I agree with the article that we’re free to have our thoughts but we’re also likely to be met with resistance. Many of my aunts and uncles would argue for a more conservative views and they would argue that our generation is lazy or unappreciative if we want something better. If our thoughts don’t match their own they become “un-American.” I tend to think we have such varied views in the US that it’s hard to know what to say about our country and its expatriate population, but I do believe there will continue to be more expatriates from the US if our economy stays strong. My generation has a great curiosity about the world, travel is easier and more affordable and companies are more open to sending people abroad or hiring foreigners than ever.
Don’t get me wrong, I would also be surprised if 3 in 10 Americans considered living abroad also. I think a lot of Americans hold onto their values of family and owning a single-family home and just wouldn’t be happy abroad. Plus, moving from one area of the US to another can be like moving to a different country because it’s huge and so varied in landscape and views. I wonder how often people move in the US compared to other countries.
Why are so many Brits leaving? Because they can or because they want to escape? I would say for most Americans it’s because they can. A major exodus could be a sign of a lot of different things though.
Thanks, Condor 451, Brian and Expat in Switzerland, for your thoughtful comments and insights. I guess the reason I posted the excerpt was because I found the 1 in 3 number surprising as well. I think it’s true that many Americans live inside the “bubble” Brian mentioned. Some of them do so by choice, some out of ignorance or disinterest. Our failing public education and our news media run by beancounters are partly to blame.
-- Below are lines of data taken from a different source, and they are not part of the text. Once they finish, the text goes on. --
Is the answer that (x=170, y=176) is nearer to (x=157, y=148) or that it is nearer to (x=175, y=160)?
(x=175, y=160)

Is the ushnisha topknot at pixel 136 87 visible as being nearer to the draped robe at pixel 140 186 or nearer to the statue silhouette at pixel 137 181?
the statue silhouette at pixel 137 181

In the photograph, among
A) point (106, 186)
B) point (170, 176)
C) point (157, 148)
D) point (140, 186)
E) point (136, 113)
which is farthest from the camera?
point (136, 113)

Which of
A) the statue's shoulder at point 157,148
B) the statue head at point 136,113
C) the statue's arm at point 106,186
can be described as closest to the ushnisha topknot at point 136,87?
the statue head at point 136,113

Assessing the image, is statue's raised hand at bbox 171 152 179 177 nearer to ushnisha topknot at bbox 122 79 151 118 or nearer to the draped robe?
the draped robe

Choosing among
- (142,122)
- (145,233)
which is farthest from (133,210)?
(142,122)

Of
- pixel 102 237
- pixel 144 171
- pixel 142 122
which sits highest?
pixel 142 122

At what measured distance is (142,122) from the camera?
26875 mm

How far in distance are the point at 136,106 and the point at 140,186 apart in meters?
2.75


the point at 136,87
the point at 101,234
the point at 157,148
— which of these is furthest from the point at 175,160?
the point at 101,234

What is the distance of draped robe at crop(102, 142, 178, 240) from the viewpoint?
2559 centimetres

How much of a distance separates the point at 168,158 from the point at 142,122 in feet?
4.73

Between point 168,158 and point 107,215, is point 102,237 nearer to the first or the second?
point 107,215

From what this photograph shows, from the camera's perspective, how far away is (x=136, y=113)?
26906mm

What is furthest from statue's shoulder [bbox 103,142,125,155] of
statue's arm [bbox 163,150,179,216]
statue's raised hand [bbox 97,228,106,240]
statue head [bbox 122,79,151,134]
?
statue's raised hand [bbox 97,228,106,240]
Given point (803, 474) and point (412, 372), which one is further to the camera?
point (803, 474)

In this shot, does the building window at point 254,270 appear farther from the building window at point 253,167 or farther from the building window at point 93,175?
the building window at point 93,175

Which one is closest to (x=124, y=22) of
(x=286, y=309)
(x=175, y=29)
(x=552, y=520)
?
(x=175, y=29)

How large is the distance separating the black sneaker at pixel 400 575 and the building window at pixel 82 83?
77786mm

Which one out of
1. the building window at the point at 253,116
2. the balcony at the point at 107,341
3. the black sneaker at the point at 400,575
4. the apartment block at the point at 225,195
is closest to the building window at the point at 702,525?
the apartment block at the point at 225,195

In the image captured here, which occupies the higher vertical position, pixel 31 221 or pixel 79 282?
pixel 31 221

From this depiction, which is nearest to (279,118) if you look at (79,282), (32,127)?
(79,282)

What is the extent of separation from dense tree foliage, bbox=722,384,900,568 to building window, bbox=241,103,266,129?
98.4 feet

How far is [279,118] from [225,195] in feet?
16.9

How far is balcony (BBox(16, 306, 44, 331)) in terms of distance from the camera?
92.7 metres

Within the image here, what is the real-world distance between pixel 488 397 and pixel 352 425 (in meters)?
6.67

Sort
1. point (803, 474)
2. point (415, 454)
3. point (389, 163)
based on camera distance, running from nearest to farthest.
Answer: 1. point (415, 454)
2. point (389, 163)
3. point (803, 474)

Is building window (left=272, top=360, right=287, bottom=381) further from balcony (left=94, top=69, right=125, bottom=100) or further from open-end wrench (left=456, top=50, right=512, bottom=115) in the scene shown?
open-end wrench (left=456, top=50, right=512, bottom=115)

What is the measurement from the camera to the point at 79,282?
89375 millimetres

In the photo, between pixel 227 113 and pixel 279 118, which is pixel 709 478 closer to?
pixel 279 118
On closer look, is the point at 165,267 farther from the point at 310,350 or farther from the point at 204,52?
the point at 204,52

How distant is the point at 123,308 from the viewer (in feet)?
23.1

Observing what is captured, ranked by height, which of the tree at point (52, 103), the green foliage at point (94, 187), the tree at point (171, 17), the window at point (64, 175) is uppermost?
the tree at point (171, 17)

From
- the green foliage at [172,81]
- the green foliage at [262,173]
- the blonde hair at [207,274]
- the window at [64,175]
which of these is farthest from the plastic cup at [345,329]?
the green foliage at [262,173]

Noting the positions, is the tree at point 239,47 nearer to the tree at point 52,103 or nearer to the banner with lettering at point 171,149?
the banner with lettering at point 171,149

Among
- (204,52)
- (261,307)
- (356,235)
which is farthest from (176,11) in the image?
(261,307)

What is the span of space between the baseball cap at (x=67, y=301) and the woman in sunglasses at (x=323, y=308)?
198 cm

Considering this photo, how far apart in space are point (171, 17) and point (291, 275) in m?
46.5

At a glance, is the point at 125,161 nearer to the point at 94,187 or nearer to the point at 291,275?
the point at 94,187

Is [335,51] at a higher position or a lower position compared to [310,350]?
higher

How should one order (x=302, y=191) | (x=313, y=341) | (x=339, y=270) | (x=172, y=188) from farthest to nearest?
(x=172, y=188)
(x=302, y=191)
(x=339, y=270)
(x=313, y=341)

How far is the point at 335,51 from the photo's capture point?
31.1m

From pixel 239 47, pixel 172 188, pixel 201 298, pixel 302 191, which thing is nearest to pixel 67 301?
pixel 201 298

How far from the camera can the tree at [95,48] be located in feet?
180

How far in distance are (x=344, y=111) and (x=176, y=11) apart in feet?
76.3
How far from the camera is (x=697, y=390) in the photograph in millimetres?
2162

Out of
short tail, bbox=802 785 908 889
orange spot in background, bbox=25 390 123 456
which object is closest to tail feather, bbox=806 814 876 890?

I’ve also wondered whether part of the American exceptionalism, the “pull yourself up by your own bootstraps” idea that seems to be hard coded in our DNA, isn’t taken advantage of by a government that gives enormous subsidies and tax incentives to bootmakers who manufacture the footwear without straps of any kind . . . How else do you explain our position as the only western, industrial country that doesn’t provide health care for its people?
Alison Kerr says
As an expat Brit/Scot I’m not really all that surprised about the statistic on 1/3 Brits considering leaving the country. Europe has opened up a lot in the last 10 years. It used to be harder to work outside your birth country, to get health care etc. People from the south of England seem to move to France to get more land – the population density is lower than it is in England. There are more low cost flights from Britain to Europe than there were 10 years ago. I’ve even heard that the health care is better in other countries compared to Britain. I don’t know if all this is true, but Brits have told me so. And then there’s the weather. If you need some sunshine and live in the north it might be tempting to move to somewhere like Italy or Spain. Then there is the professional aspect. Britain really isn’t a large country. Many professionals travels back and forth to mainland Europe very regularly for business reasons. I’m sure that leads to more familiarity with language and opens the consideration of moving.
Hi Alison, thanks for your comment. You make some good points, especially the traveling back and forth for business, which could lead to moving.